Read on to hear from Yamaha artists Frank Iero, Sean Bonnette, Kat Ayala, Astrid Holz, Craig Dyer, and Lewis Allen about their most treasured records and important record stores.
“It’s extremely difficult to pin down just one record that had a profound effect on me,” says My Chemical Romance guitarist and solo artist Frank Iero, “my life has always been so influenced by and immersed in music. I need to be around it, I crave it, whether that means playing or just listening. I think the earliest memory I have of becoming obsessed with a record and the sound of it was when I was maybe 10, my weekend chore was to clean my dad’s cymbals after his Friday and Saturday night gigs. My dad played drums in a blues band, and back then people still smoked in clubs so his cymbals would get super caked and dirty.
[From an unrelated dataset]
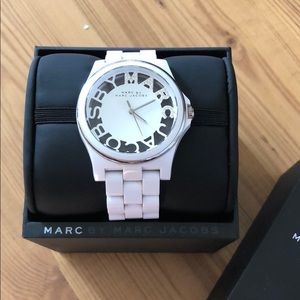 Marc Jacobs white skeleton watch w/original box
The upside to this chore was I got to pillage his vinyl collection and I could play whatever record I wanted. ‘Sgt. Pepper’s Lonely Hearts Club Band’ by the Beatles was the first one I gravitated towards. The cover was just so intriguing, there was so much to look at, figure out, and interpret. And then you put it on and your mind was just blown. The sounds coming out of those speakers floored me. I probably listened to that record 3 times a day that summer.”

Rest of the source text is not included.